満足度★★★★★
平板だが巧みで見事
音楽家の伊藤靖浩が、一人芝居のミュージカルを年に10本書いて10年続けて100本のプログラムを作ると言う企画の第1弾。イサドラ・ダンカンを描いた「それでも私は踊りつづける」福麻むつ美、ジュディ・シルを描いた「生殺しの蛇」ハマカワフミエ、バルバラを描いた「piano black」岡田あがさ、の3本を観たが、どれも興味深い作品に仕上がっていた。ただし、ミュージカルということで、物語の複雑さはあまりなく平板で、むしろ歌を使った表現に気を遣ったように思えた。驚くのは、イサドラ・ダンカン,バルバラという有名な2人に挟まれたジュディ・シルを取り上げた点。必ずしも有名でない70年代の女性シンガー・ソングライターを取り上げたのは、伊藤でなく演じたハマカワの要望だという。

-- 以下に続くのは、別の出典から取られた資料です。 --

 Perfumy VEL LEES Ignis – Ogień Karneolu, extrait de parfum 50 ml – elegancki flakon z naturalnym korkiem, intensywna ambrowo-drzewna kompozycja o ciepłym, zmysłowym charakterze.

ただし、上演順には疑問があり、数多くのミュージカルを経験した福麻をトップに持ってきたのでは、ストレートプレイ中心のキャリアのハマカワ,岡田は歌ではツライ気がする。その分、演技で魅せる2人の印象は強烈だった。その意味で、3者3様の魅力をしっかりと感じさせてくれる上演だった。